Asymmetric modification of the magnetic proximity effect in Pt/Co/Pt trilayers by the insertion of a Ta buffer layer

TL;DR

This study investigates how inserting a Ta buffer layer affects the magnetic proximity effect in Pt/Co/Pt trilayers, revealing that the buffer layer reduces the induced magnetism in Pt layers and offers a new control method for spin-transport applications.

Contribution

The paper demonstrates that a Ta buffer layer modifies the growth orientation of Pt and reduces the magnetic proximity effect, combining experimental and theoretical approaches for interface engineering.

Findings

Ta buffer layer decreases the induced magnetic moment in bottom Pt layer.

Ta buffer induces growth of Pt(011) instead of Pt(111).

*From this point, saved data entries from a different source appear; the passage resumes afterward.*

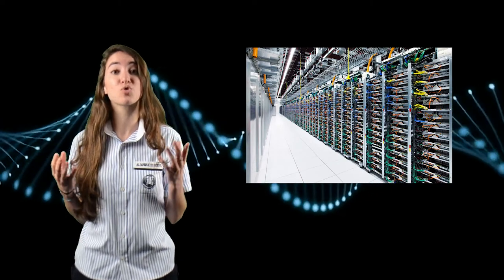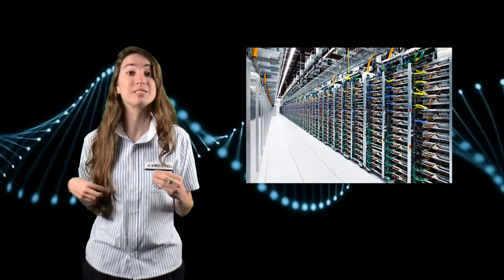What if I told you that large amounts of data stored in huge data centers such as this can be stored in a space as small as the tip of my hair?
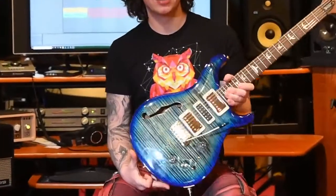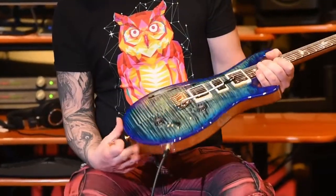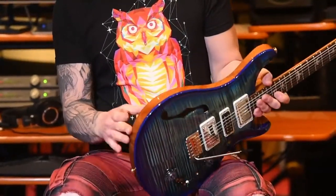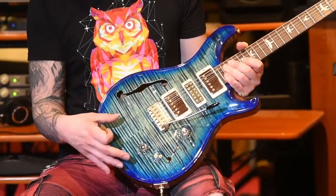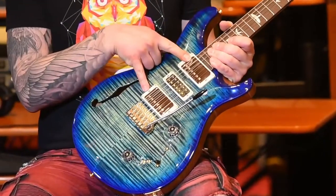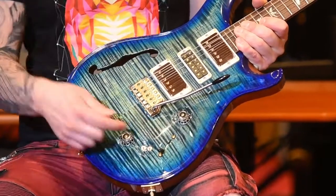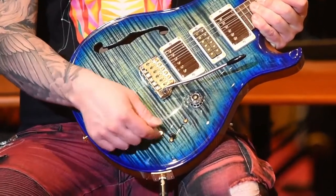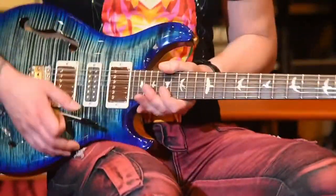Here is a PRS Special 22 Semi Hollow Limited — a very cool guitar. It has a mahogany body, maple top, and is semi-hollow with a center block. It has 58/15 humbucking pickups and a narrow field humbucking pickup. You can split the humbuckers to single coils. It's got a really wide range of sounds — I'll play it for you.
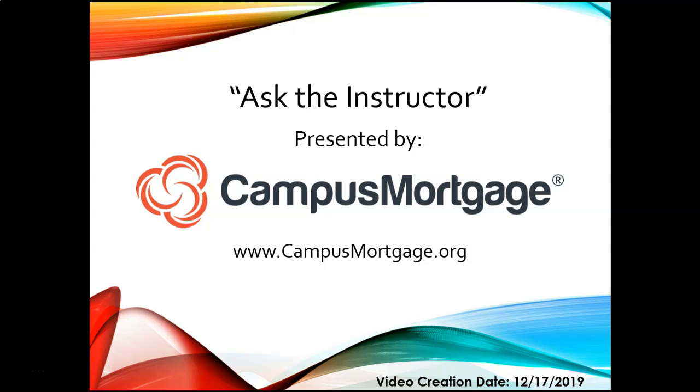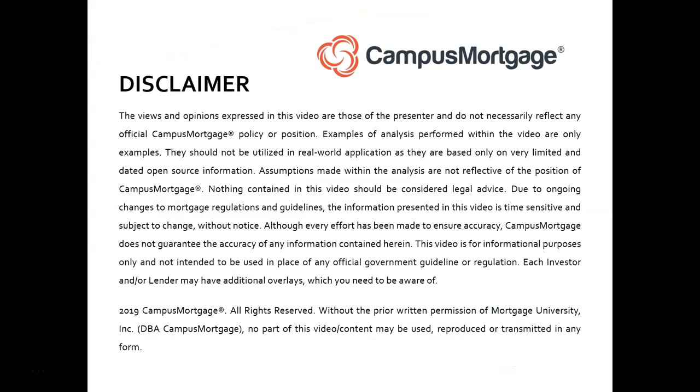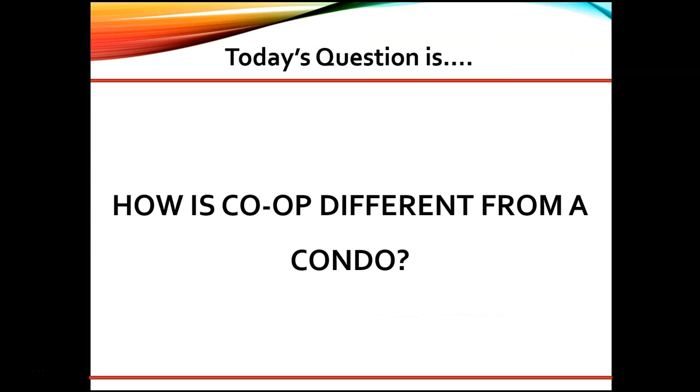Hello and welcome back to Ask the Instructor, presented by Campus Mortgage. Today's question is: what's the difference between a co-op and a condo?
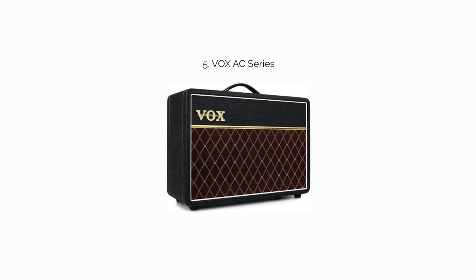Number 5: The Vox AC Series. With a rich history behind its brand, Vox does an exceptionally good job of creating low-cost amplifiers that maintain the richness and warmth of the Vox tone. Cost-cutting is done by bringing down wattage and size, including only one speaker, and simplifying the EQ.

Co induces more magnetic moment in Pt(111) than in Pt(011).

Abstract

The magnetic proximity effect in top and bottom Pt layers induced by Co in Ta/Pt/Co/Pt multilayers has been studied by interface sensitive, element specific x-ray resonant magnetic reflectivity. The asymmetry ratio for circularly polarized x-rays of left and right helicity has been measured at the Pt $L_3$ absorption edge (11567 eV) with an in-plane magnetic field ($\pm158$ mT) to verify its magnetic origin. The proximity-induced magnetic moment in the bottom Pt layer decreases with the thickness of the Ta buffer layer. Grazing incidence x-ray diffraction has been carried out to show that the Ta buffer layer induces the growth of Pt(011) rather than Pt(111) which in turn reduces the induced moment. A detailed density functional theory study shows that an adjacent Co layer induces more magnetic moment in Pt(111) than in Pt(011). The manipulation of the magnetism in Pt by the insertion of a Ta buffer layer provides a new way of controlling the magnetic proximity effect which is of huge importance in spin-transport experiments across similar kind of interfaces.